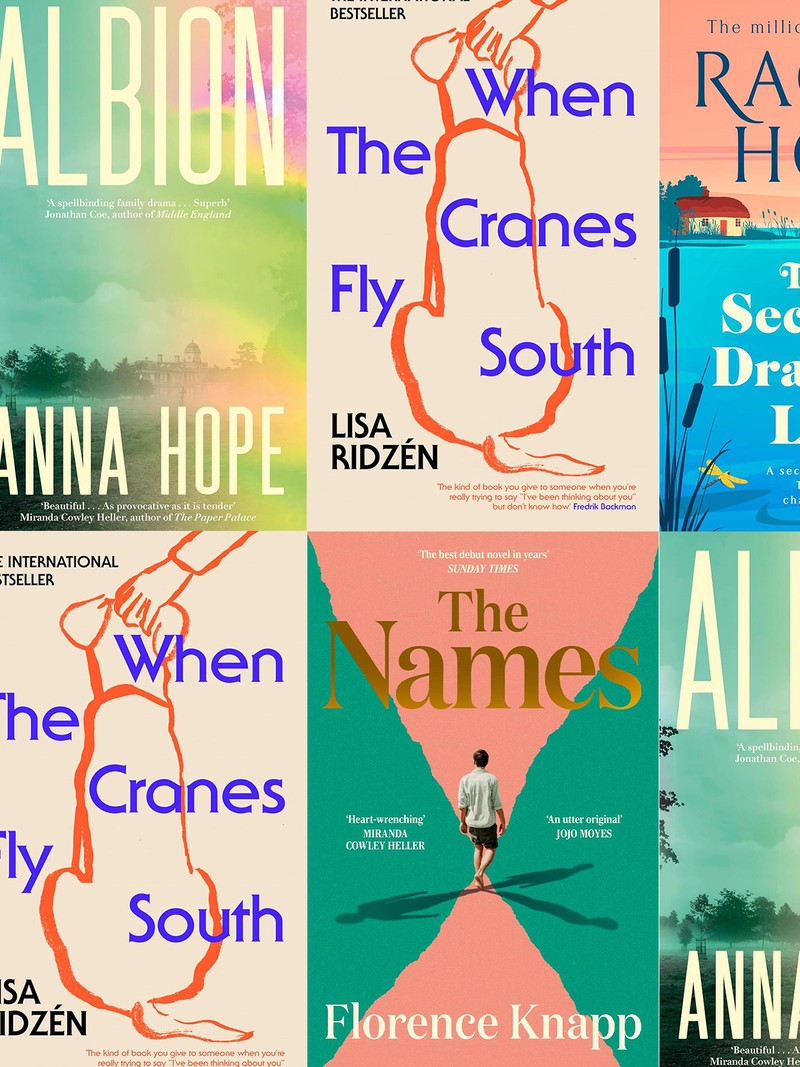 13 Of The Best New Summer Reads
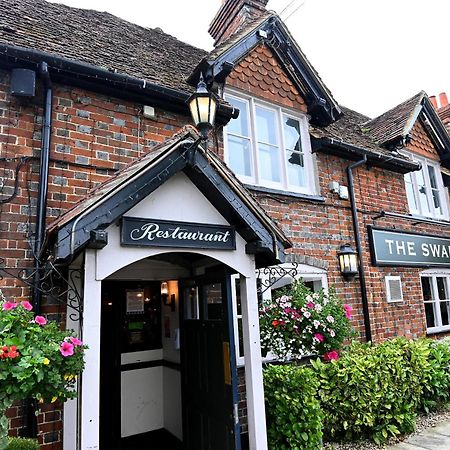 Swan, Thatcham By Marston'S Inns Kültér fotó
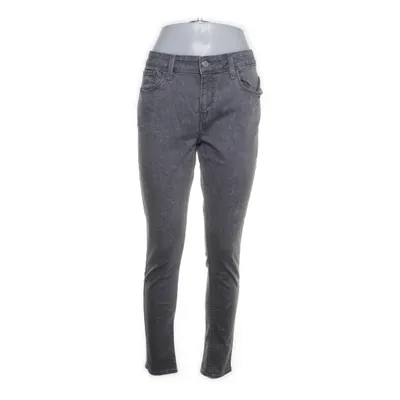Spijkerbroek (Grijs) van Levi Strauss & Co Katoen, Elastaan, Polyester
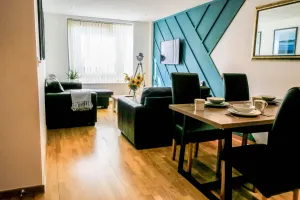 Image of City Centre 2 Bed Room 2 Bath Room Apartment with En-suite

WHAT THE TASK REQUIRES: Starting at the line with "Spijkerbroek (Grijs) van", transcribe the listing above exactly through its last line. No picture belongs in the transcription.

OUTPUT FOR THIS EXERCISE:
Spijkerbroek (Grijs) van Levi Strauss & Co Katoen, Elastaan, Polyester
 Image of City Centre 2 Bed Room 2 Bath Room Apartment with En-suite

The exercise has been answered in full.